船とカマルグ牛と馬。特徴的な石を積み上げた海岸。フラミンゴの代わりに見た鳥。白鳥だと思うんだけど。わたしはピンクのフラミンゴを楽しみにしていたけど、一羽も見なかった。フラミンゴが見たければ、このローヌ川遊覧船は間違いですね。自然公園に行った方が良かった。あと時間帯も理想的ではなかった。朝か夕方以降が良いそうです。まあお客は水のそばを希望して、地中海に足を漬けて喜んでましたから良いんですけど。


とても素敵な街ではありましたが、とにかく日中は恐ろしく暑かったので、この街、あるいはカマルグ地方を満喫したい場合はこのサンマリードラメールに数泊して、朝方と夕方以降に活動するか、アルルあたりの近場に連泊してそこを拠点にあちこち回るかが良いかもしれないです。


プロヴァンス旅行のベストシーズンっていつなんでしょうね。


ところでこのローヌ川流域には水田が存在しており、わたしはよくカマルグの丸い米を買っていますが、かなり日本米に似ており、ちょっと腰があるので、リゾットとかライスサラダ、あるいは普通に炊いて和食のお米としても満足できるし、良いお米だなあと思います。
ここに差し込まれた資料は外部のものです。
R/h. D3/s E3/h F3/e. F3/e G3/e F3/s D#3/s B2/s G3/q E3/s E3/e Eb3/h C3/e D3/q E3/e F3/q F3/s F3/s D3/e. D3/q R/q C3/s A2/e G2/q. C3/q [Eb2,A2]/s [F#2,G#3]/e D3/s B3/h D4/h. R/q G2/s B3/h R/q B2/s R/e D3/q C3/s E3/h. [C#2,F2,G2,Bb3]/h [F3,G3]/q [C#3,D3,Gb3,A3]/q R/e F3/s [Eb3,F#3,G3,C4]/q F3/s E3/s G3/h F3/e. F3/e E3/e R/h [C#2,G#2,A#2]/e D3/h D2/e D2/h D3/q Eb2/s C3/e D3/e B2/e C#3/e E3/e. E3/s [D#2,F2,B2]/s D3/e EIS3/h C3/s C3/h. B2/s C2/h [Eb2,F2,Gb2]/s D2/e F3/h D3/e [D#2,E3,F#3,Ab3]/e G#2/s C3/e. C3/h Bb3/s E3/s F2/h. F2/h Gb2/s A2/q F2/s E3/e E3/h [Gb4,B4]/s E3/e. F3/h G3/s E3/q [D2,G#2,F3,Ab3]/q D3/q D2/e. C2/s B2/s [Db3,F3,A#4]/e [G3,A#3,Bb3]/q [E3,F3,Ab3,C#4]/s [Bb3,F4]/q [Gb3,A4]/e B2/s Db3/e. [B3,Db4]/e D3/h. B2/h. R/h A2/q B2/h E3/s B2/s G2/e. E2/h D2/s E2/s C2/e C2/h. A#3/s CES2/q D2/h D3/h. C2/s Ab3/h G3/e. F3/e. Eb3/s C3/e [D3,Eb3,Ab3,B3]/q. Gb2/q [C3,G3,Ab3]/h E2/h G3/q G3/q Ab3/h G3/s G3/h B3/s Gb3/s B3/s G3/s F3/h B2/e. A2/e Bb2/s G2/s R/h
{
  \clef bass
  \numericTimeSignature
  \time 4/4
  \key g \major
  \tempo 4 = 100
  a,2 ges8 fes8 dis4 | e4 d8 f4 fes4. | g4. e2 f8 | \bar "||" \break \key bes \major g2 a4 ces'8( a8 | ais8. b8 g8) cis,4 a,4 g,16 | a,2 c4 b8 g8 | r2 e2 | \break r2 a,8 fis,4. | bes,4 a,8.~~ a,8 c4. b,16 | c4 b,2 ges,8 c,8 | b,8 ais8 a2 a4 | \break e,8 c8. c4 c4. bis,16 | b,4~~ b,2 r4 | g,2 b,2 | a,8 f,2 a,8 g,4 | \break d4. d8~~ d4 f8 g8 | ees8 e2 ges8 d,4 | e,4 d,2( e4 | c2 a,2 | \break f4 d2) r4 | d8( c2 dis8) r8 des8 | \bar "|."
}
5kgで40ユーロちょっとです。ああ、日本円に換算したら7300円ぐらいですか。日本米を買うよりずっと高いですね。換算しなければ良かった。


わたしはせっかく綺麗なところに行ったんだけど、添乗員としてだったので、遊覧船のチケット支払いとか、再集合場所の確認とかで走り回り、その上クレジットカードがブロックされて遊覧船の支払いに手間取ったりしたので街を楽しむ時間なんて1秒たりともありませんでした。


またいつかプライベートで来なくっちゃ。でももっと涼しい季節がいい。